• _ACTIVITY_
Return only the lines of the listing below that run from the line with "Glass Vial Pendant" through the line with "Liz Baker 3X Purple Button Down Shirt", both ends included, exactly as written.

• _RECORDED DATA_
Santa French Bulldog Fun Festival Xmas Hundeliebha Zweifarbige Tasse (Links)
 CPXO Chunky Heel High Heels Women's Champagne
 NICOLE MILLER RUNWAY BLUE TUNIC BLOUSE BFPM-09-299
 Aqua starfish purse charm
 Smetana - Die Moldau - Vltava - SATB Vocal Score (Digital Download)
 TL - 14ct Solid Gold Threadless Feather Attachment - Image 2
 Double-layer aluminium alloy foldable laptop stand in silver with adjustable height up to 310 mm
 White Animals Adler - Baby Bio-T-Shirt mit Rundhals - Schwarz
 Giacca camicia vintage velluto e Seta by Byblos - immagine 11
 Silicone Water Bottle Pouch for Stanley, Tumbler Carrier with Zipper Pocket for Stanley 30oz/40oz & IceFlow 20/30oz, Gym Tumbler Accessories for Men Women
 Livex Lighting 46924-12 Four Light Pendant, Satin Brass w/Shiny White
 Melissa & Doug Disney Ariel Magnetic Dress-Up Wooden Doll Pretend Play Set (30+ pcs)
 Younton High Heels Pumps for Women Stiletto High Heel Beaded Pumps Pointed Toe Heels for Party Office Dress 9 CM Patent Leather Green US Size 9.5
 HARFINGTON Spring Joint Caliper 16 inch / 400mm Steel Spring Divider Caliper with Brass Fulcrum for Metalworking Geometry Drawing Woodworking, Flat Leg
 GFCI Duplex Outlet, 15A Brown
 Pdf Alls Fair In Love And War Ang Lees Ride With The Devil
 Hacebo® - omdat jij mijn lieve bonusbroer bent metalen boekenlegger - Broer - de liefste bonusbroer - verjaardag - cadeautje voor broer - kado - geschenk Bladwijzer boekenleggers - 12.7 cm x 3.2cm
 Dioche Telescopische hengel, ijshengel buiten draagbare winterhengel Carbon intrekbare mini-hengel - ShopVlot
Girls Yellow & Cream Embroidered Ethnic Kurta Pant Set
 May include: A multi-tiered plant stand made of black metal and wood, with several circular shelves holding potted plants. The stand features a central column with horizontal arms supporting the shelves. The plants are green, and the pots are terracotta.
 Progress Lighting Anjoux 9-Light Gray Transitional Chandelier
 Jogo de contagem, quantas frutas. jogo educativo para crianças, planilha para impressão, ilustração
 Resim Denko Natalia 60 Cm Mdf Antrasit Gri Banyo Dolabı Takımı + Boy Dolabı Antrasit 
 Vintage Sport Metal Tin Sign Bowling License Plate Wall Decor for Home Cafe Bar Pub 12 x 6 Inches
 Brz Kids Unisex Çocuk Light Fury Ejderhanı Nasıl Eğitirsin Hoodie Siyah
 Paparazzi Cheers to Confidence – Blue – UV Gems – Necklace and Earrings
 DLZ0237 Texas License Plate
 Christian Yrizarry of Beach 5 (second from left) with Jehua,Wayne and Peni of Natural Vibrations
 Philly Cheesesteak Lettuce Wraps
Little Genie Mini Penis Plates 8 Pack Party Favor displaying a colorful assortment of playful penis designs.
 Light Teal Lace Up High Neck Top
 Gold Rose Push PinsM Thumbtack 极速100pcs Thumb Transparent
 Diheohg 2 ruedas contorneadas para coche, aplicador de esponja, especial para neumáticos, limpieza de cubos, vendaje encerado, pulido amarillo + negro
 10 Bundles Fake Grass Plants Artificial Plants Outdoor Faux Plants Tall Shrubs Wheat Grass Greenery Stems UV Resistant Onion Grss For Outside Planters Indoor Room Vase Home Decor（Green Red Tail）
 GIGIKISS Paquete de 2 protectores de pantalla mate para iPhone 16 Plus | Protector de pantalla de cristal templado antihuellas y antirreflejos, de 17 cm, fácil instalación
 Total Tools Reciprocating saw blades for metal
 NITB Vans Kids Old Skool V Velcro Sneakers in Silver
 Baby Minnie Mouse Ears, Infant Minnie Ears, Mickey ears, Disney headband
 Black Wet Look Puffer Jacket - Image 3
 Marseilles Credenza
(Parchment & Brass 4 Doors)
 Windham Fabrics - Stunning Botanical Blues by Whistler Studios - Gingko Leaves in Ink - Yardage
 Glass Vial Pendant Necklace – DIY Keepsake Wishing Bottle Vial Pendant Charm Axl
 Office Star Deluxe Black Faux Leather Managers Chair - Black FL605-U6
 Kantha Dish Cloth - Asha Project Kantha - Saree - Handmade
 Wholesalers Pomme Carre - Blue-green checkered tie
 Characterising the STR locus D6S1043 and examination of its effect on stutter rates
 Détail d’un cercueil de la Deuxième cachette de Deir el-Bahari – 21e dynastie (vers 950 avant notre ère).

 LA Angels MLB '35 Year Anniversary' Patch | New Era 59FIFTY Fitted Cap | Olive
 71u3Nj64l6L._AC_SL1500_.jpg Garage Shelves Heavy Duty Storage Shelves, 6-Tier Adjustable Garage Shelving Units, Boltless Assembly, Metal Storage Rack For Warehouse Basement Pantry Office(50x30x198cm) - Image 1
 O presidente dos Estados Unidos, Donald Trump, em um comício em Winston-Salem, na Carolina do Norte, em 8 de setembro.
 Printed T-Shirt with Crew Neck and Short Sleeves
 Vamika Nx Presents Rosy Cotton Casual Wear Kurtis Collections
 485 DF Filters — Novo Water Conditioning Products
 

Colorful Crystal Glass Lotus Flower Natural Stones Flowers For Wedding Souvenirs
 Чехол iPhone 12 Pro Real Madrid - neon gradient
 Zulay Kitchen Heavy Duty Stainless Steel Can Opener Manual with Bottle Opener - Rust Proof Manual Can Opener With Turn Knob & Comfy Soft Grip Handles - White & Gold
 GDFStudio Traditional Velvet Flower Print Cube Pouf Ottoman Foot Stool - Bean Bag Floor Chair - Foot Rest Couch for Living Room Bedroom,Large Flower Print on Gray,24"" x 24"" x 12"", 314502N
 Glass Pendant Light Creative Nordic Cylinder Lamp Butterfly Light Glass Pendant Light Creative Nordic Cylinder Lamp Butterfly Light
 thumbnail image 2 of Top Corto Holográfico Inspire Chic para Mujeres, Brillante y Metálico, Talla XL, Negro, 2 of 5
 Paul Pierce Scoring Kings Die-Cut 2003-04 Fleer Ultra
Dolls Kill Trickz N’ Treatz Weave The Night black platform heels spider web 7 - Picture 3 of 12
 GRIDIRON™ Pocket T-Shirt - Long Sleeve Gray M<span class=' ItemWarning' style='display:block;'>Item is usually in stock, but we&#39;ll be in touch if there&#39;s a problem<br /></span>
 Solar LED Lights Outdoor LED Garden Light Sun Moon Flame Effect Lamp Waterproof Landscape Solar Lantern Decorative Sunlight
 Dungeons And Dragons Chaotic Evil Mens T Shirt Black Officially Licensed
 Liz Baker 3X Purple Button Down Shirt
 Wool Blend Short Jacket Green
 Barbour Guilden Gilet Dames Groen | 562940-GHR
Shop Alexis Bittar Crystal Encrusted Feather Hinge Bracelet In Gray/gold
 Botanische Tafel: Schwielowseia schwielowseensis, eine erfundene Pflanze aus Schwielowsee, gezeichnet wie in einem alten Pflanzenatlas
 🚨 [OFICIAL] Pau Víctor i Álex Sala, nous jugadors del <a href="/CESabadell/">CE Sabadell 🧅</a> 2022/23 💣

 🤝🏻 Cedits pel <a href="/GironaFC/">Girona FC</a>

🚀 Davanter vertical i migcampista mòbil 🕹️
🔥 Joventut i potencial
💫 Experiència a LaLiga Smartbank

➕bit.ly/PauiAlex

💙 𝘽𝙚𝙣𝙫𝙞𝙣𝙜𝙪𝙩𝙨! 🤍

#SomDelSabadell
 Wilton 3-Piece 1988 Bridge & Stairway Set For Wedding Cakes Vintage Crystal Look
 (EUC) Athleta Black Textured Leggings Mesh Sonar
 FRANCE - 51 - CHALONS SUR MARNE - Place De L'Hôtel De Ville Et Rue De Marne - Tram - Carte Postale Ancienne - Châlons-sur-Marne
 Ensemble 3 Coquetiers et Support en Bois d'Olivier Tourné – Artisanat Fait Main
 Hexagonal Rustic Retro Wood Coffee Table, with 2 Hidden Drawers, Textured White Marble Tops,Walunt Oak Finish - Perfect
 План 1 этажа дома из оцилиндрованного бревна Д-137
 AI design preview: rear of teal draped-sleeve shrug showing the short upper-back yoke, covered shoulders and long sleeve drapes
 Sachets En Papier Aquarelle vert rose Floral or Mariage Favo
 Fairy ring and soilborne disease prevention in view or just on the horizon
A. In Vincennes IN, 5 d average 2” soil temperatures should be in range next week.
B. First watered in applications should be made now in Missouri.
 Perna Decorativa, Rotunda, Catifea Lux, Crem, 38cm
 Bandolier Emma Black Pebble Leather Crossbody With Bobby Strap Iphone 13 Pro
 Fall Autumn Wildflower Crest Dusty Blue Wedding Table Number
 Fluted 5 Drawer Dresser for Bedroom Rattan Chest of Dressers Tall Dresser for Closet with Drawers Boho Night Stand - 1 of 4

• _TASK ANSWER_
 Glass Vial Pendant Necklace – DIY Keepsake Wishing Bottle Vial Pendant Charm Axl
 Office Star Deluxe Black Faux Leather Managers Chair - Black FL605-U6
 Kantha Dish Cloth - Asha Project Kantha - Saree - Handmade
 Wholesalers Pomme Carre - Blue-green checkered tie
 Characterising the STR locus D6S1043 and examination of its effect on stutter rates
 Détail d’un cercueil de la Deuxième cachette de Deir el-Bahari – 21e dynastie (vers 950 avant notre ère).

 LA Angels MLB '35 Year Anniversary' Patch | New Era 59FIFTY Fitted Cap | Olive
 71u3Nj64l6L._AC_SL1500_.jpg Garage Shelves Heavy Duty Storage Shelves, 6-Tier Adjustable Garage Shelving Units, Boltless Assembly, Metal Storage Rack For Warehouse Basement Pantry Office(50x30x198cm) - Image 1
 O presidente dos Estados Unidos, Donald Trump, em um comício em Winston-Salem, na Carolina do Norte, em 8 de setembro.
 Printed T-Shirt with Crew Neck and Short Sleeves
 Vamika Nx Presents Rosy Cotton Casual Wear Kurtis Collections
 485 DF Filters — Novo Water Conditioning Products
 

Colorful Crystal Glass Lotus Flower Natural Stones Flowers For Wedding Souvenirs
 Чехол iPhone 12 Pro Real Madrid - neon gradient
 Zulay Kitchen Heavy Duty Stainless Steel Can Opener Manual with Bottle Opener - Rust Proof Manual Can Opener With Turn Knob & Comfy Soft Grip Handles - White & Gold
 GDFStudio Traditional Velvet Flower Print Cube Pouf Ottoman Foot Stool - Bean Bag Floor Chair - Foot Rest Couch for Living Room Bedroom,Large Flower Print on Gray,24"" x 24"" x 12"", 314502N
 Glass Pendant Light Creative Nordic Cylinder Lamp Butterfly Light Glass Pendant Light Creative Nordic Cylinder Lamp Butterfly Light
 thumbnail image 2 of Top Corto Holográfico Inspire Chic para Mujeres, Brillante y Metálico, Talla XL, Negro, 2 of 5
 Paul Pierce Scoring Kings Die-Cut 2003-04 Fleer Ultra
Dolls Kill Trickz N’ Treatz Weave The Night black platform heels spider web 7 - Picture 3 of 12
 GRIDIRON™ Pocket T-Shirt - Long Sleeve Gray M<span class=' ItemWarning' style='display:block;'>Item is usually in stock, but we&#39;ll be in touch if there&#39;s a problem<br /></span>
 Solar LED Lights Outdoor LED Garden Light Sun Moon Flame Effect Lamp Waterproof Landscape Solar Lantern Decorative Sunlight
 Dungeons And Dragons Chaotic Evil Mens T Shirt Black Officially Licensed
 Liz Baker 3X Purple Button Down Shirt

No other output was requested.